Facilitar la llegada al espacio de personas diferentes a científicos o militares es un propósito que seguro traerá importantes beneficios para la humanidad. Desde inspirar a las nuevas generaciones para perseguir sus sueños y romper sus propios límites, hasta despertar nuevas perspectivas en personas que pertenecemos a industrias y profesiones diversas; la exploración espacial privada tiene el potencial de agregar valor a todas las dimensiones de la humanidad. Esto sin mencionar su relevancia para la disminución de costos y el impulso a la innovación y llegada de nuevos jugadores a un contexto en el que, hasta el momento, solo habían podido participar los gobiernos de grandes países como Rusia, China o Estados Unidos.

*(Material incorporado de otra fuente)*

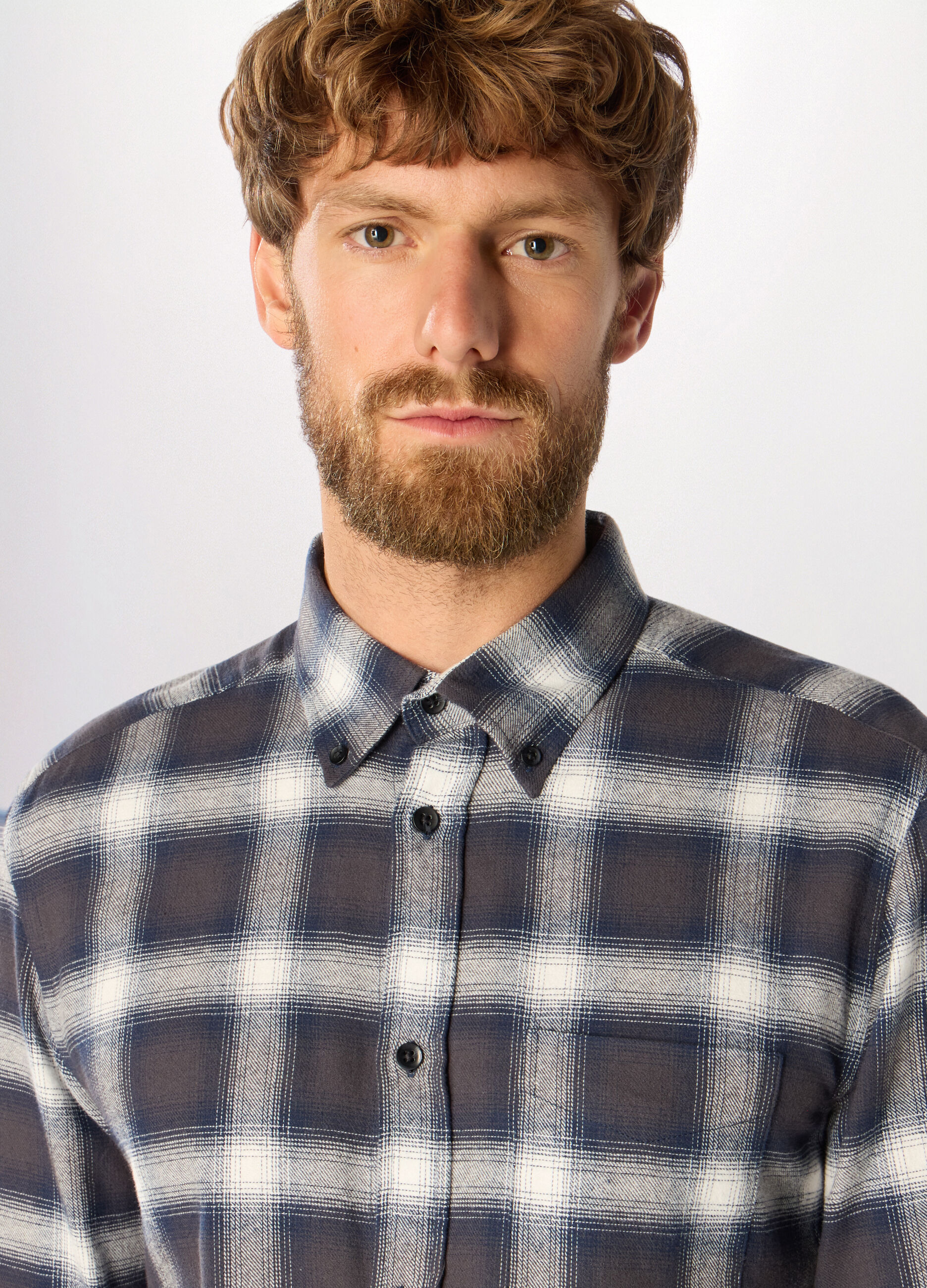 Camicia slim fit in cotone a quadri uomo_2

Como un viajero incansable, conquistar la última frontera de la humanidad es sin lugar a dudas un suceso que me llena de impulso para seguir motivando a otras personas a romper sus propios paradigmas y límites. Al final, aunque el espacio exterior sea literalmente un destino fuera de este mundo, esta experiencia es esencialmente un viaje en el que tendré la oportunidad de conocer nuevas perspectivas, aprender nuevas habilidades y desarrollar nuevas aptitudes para seguir creciendo como persona y tener mejores herramientas para construir un legado del que las futuras generaciones puedan apalancarse y estar orgullosas.